I used to think that it was great to be able to use one phone to read my personal emails, my business emails and be online on Google Talk / Hangouts / Slack / Telegram / Signal / Messenger / Twitter / Skype / etc. all the time.
It turns out that not only is this a bad idea on the long run, but also it turns out to be very hard to get rid off. See, those smartphones and all of those interruptions are highly addictive and the mental effort to exert control over not checking emails / Twitter etc. is high. We only have so much willpower during the day, and especially when tired it is so easy to slip back into the mindless loop of checking if anything new happened on the internet every five seconds.
I tried getting rid of having a smartphone entirely but haven’t gotten around to it yet. I have, however, successfully removed all work related things from my personal phone and moved them to a business phone: e-mail, messengers (Slack, Skype), banking applications for business accounts, etc. are now all on a cheap and small Android phone that I carry around during business hours and turn off after work (I don’t have a separate phone number for it, just a second SIM card with the same contract).

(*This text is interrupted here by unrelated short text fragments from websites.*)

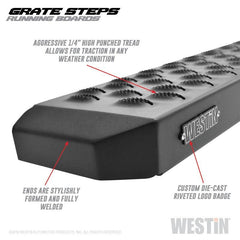 WES Running Boards - Grate - Black Patch Performance - wes27-74755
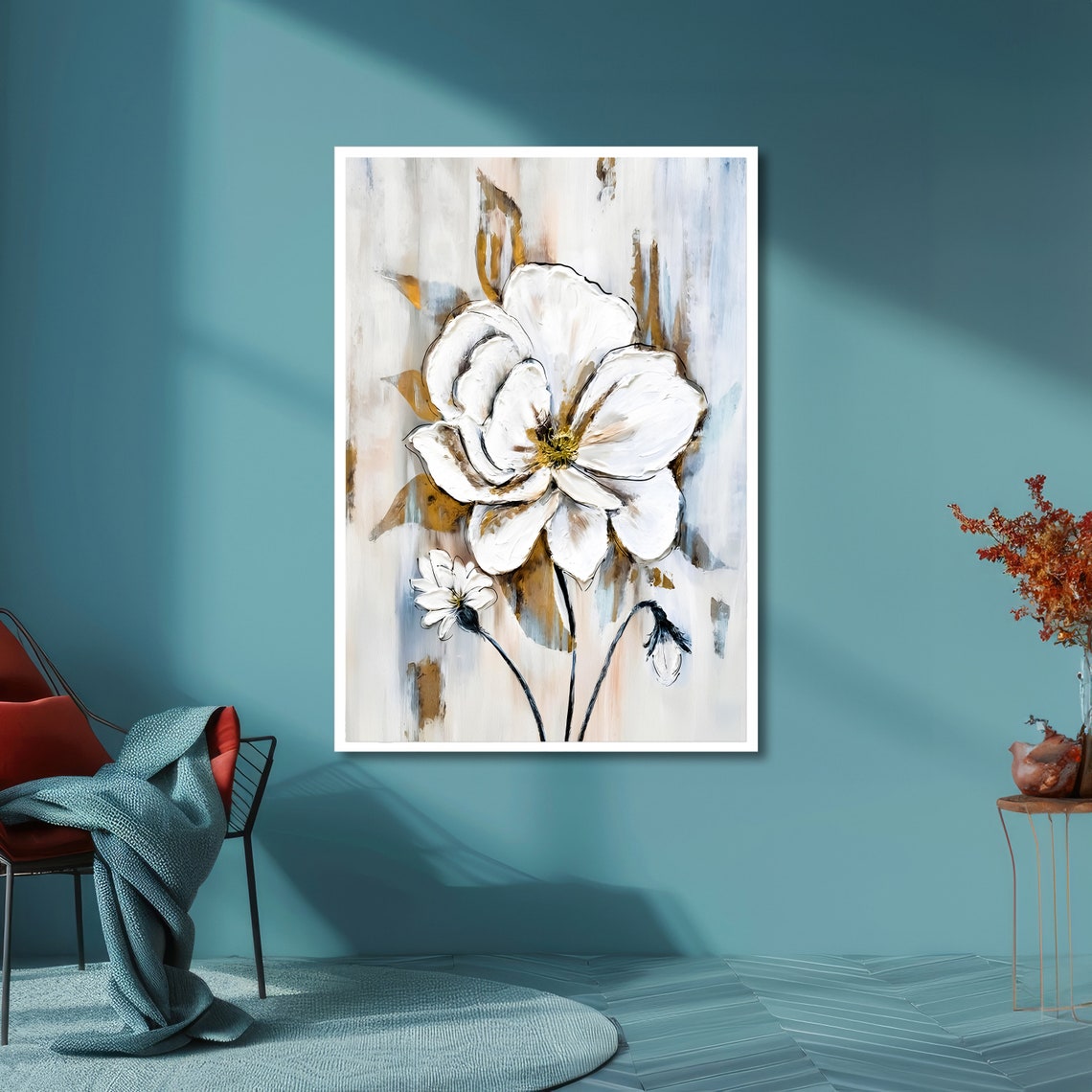 White Blossom Abstract Floral Painting Soft Modern Decor Poster - Image 6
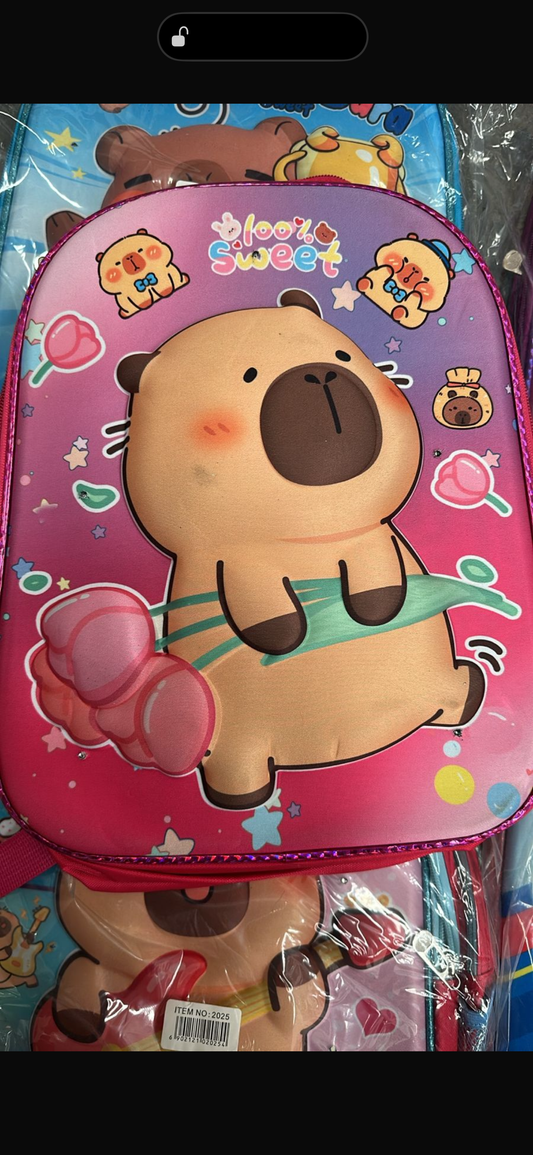 MOCHILA PREESCOLAR CAPIBARA NIÑA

I don’t have a personal computer yet, but it turns out that for most communication a smartphone or tablet is enough (I have no good solution for pictures yet nor how to manage family photos and centralize them from all sorts of devices. If anyone has please let me know).
But you get the idea. Removing the temptation of checking business-related things when with your family or friends gets much easier when it is not possible to do so at all.
You got to hold the frame.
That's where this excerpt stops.